(2007年05月18日)

NY原油:60ドル台前半で一進一退

現地16日のNY原油が米石油の週間在庫統計における原油の4週連続増加と、ナイジェリアでの生産回復による供給懸念の後退で反落した。最近は急伸しても持続性がなく原油在庫の増加が明らかになるとまた売られるなどバレル当たり60ドル台前半で一進一退。そうしたなかでも61ドルが下値抵抗線になったのはガソリンの在庫水準が低く、今月下旬からは夏場のドライブシーズンに入ることが意識された表われとみられる。

米エネルギー情報局(EIA)が、現地16日に発表した11日現在の在庫統計によると、ガソリン在庫が2週連続で増加し、原油在庫も事前予想より増加した。

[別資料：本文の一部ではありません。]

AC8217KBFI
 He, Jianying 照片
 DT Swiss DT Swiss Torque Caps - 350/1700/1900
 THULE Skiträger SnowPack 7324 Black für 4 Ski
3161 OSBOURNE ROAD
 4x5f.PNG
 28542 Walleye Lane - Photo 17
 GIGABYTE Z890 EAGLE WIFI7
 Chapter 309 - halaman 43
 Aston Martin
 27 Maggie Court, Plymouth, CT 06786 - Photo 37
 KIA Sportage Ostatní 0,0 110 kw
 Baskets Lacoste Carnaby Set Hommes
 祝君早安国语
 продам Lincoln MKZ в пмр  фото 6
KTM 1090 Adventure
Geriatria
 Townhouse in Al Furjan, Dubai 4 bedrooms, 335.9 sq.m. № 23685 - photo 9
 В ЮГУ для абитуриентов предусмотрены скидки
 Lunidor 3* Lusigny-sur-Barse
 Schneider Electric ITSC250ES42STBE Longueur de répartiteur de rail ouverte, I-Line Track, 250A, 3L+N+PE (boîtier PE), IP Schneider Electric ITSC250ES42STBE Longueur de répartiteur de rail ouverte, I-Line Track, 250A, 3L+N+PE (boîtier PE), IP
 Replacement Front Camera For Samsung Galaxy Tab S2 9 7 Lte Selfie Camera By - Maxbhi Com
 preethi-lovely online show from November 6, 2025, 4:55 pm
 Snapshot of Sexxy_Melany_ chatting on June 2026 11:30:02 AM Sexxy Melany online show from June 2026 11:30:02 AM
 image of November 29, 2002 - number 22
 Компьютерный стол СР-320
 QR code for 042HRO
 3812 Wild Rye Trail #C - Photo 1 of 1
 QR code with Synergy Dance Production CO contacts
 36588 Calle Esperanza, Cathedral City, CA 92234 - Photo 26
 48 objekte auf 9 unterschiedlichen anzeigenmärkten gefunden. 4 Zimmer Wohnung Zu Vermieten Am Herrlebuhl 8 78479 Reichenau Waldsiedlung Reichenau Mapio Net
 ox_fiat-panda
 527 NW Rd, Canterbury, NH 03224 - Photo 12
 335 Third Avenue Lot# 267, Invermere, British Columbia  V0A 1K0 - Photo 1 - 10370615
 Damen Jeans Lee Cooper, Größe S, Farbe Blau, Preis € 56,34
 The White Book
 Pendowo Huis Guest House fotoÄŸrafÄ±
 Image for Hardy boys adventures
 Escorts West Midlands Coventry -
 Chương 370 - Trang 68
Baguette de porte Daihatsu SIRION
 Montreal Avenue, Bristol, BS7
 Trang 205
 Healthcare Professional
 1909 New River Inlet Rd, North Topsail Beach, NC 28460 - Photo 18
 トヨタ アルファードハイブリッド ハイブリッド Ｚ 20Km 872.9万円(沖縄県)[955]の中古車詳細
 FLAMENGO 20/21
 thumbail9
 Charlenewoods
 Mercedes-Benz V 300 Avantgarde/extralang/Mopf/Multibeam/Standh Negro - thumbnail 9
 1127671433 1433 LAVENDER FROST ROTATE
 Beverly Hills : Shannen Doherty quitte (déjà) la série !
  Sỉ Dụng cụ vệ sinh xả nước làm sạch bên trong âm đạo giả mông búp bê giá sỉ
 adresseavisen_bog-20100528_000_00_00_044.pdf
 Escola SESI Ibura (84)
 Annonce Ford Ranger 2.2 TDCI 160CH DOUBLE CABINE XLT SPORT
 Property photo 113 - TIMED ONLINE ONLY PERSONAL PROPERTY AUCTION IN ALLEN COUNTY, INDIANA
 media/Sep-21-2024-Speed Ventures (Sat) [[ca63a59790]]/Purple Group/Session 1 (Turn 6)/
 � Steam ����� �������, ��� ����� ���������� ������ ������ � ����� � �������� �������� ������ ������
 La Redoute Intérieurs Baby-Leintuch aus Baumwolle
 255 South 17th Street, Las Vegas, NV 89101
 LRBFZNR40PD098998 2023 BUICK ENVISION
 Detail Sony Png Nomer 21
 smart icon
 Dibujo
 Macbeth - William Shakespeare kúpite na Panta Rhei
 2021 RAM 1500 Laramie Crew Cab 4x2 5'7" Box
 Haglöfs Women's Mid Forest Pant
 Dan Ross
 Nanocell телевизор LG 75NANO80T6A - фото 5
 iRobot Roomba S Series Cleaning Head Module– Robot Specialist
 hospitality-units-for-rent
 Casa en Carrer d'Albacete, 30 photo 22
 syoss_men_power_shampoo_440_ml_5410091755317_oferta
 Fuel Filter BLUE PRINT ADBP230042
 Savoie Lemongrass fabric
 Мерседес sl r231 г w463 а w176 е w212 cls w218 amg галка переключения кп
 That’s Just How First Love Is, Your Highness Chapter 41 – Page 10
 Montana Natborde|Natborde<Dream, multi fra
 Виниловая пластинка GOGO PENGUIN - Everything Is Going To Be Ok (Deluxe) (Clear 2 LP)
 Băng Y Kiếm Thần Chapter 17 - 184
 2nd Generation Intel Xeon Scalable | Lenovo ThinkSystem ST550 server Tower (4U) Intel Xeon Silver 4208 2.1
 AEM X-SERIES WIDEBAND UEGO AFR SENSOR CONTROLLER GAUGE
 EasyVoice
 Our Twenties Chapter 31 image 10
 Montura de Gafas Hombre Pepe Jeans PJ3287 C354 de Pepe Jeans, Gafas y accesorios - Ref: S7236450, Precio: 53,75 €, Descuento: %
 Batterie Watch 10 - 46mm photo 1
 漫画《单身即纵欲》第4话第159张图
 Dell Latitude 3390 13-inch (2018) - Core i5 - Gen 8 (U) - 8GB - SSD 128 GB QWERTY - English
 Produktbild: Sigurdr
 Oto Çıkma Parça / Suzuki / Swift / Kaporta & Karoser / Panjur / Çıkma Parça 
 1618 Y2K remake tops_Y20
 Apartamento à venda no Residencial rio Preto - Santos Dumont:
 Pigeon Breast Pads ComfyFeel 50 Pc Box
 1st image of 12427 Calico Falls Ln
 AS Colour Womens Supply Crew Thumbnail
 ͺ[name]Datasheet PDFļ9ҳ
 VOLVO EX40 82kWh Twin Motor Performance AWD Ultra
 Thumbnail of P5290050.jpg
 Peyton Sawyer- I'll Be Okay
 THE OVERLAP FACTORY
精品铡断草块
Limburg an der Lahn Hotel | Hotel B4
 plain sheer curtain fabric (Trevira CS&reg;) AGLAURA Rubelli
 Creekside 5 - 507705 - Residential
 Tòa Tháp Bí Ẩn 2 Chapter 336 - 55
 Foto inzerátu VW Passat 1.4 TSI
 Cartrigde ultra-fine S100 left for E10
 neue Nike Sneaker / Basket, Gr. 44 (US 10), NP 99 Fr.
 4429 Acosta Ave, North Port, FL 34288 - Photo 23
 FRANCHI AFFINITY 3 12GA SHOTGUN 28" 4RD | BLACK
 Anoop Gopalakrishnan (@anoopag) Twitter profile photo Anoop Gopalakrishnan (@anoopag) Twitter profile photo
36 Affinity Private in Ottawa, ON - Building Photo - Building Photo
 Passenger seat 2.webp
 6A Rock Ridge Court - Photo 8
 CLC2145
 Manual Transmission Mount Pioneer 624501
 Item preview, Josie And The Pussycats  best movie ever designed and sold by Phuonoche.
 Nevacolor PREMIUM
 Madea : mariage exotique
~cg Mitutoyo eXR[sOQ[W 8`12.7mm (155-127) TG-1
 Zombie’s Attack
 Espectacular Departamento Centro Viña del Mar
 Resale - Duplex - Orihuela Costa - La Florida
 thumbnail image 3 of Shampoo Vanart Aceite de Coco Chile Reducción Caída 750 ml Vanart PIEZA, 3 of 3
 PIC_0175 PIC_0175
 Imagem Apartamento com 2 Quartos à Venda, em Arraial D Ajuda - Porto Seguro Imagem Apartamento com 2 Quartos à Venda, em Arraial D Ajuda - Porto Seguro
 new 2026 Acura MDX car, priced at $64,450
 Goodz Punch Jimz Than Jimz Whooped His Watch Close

EIAによる在庫発表は以下の通り。ガソリン在庫が、前週比170万バレル増の1億9520万バレル。留出油在庫が、同100万バレル増の1億1980万バレル。原油在庫が、同100万バレル増の3億4220万バレルとなった。また、製油所の稼働率は同0・5%上昇し89・5%とした。ガソリン在庫、原油在庫は事前予想を上回った。ガソリン在庫は、前週比110万バレル増。原油在庫が同10万バレル増であった。留出油在庫は、同140万バレル増とこちらは市場のほぼ予想通りとなっている。一方、製油所の稼働率は同0・8%上昇だったことから、これは事前予想を下回った。また、このEIA発表の在庫統計を前年同期と比較すると、ガソリン在庫は依然として減少している。ガソリン在庫は、同1450万バレル(6・9%)減。留出油在庫が、同140万バレル(1・2%)増。原油在庫が同320万バレル(0・9%)減となった。

これを受け、NY原油は5営業日ぶりに反落。終値は、前日比0・62ドル安のバレル当たり62・55ドルで取引を終えた。